WHAT TO WORK ON:
No image is to be carried over; reproduce the rest of the listing word for word.

INPUT DATA:
====================

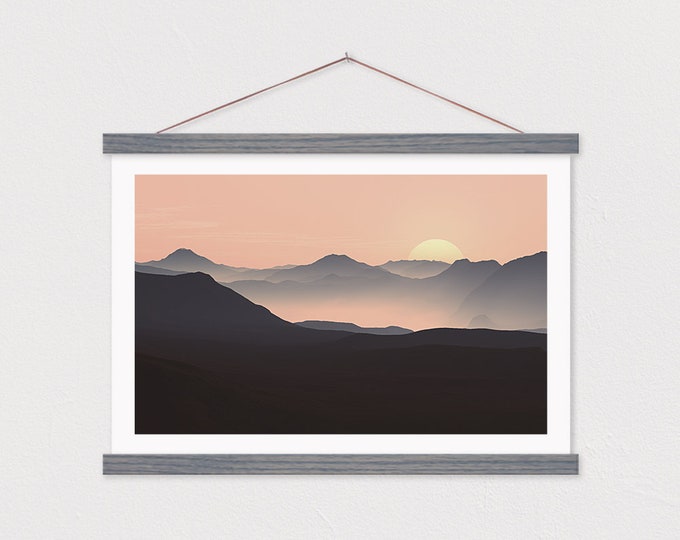 Sunrise Contrast - Mountain Art Print Framed ART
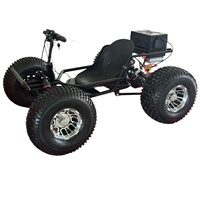 Go-Kart Eléctrico Profesional de 8 y 10 Pulgadas, Resistente al Desgaste, con Gran Agarre, Todoterreno, Antipinchazos, de Cuatro Ruedas, para Playa, 200 kg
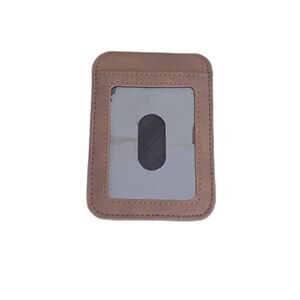 Runbox Brown Leather Minimalist Slim Wallet RFID Blocking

====================

ANSWER TO THE EXERCISE:
 Sunrise Contrast - Mountain Art Print Framed ART
 Go-Kart Eléctrico Profesional de 8 y 10 Pulgadas, Resistente al Desgaste, con Gran Agarre, Todoterreno, Antipinchazos, de Cuatro Ruedas, para Playa, 200 kg
 Runbox Brown Leather Minimalist Slim Wallet RFID Blocking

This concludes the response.